Tips for Stretching 

  • Warm-up first: Always start with a light warm-up before stretching. This could include a few minutes of brisk walking, jogging in place, or any activity that increases your heart rate and warms up your muscles. You can also use dynamic stretching during the warm-up. 

  • Focus on proper technique: Pay attention to your form during stretches, which includes maintaining good posture and alignment to target the intended muscle group. Avoid bouncing or jerky movements, as this can lead to injury.

  • Hold each stretch: Hold each stretch for at least 30-60 seconds. You can gradually increase the hold time as your flexibility improves.

  • Match the activity: Jeffcoat says stretches should be in multiple planes and speed of stretching should match your activity. For example, if you’re kicking a football, you should do quick, ballistic stretches, but if you’re prepping for yoga, do slower, deeper stretches.

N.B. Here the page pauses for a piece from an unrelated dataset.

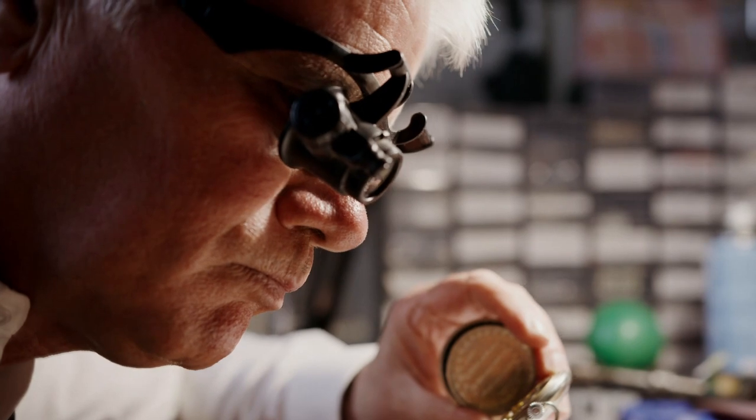So when we actually regulate a watch, the 8 o'clock position is always checked for final rates. For pocket watches, those positions are a little different. You'll look at the dial up position and the crown — or pendant — up position, since that's how a pocket watch is normally carried with a chain attached to the bow on the pendant. The other important positions would be with the pendant facing to the left and the pendant facing to the right.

  • Slow and steady: If you're working on increasing flexibility, progress gradually, and don't force your body into uncomfortable positions. Overstretching can lead to injuries.

  • Stretch both sides: Whether you're stretching one leg at a time or both arms, make sure to stretch both sides equally. This helps maintain balance in your muscle development.

  • Don’t forget to stretch the surrounding muscles. “Although the hamstrings are important to stretch, you also have to release the glutes, the calves, and the feet,” says Hannah.

  • Stay consistent: Regular stretching is more effective than occasional intense sessions. Incorporate stretching into your daily or weekly routine for long-term flexibility benefits.

  • Try adding props: Yoga blocks, straps, or other props can assist in achieving good alignment and making stretches more accessible, especially for beginners. Hannah is a fan of using blocks to assist your stretching routine. “They’ll allow you to back off of the stretch, keeping your nervous system calm and allow you to actually do the stretch while your body’s not in a state of panic,” she says. “Props make [stretching] more achievable. People assume they can’t do the stretch—with a stretching block, that fear is taken out of the equation.”

  • Listen to your body: And most importantly, listen to your body. Slight discomfort is normal with stretching, especially if you’re new to it, but sharp pain or severe discomfort is not. If you have any existing injuries or are experiencing pain while stretching, consult with your physician or a physical therapist. They can help you design a program that is safe and effective.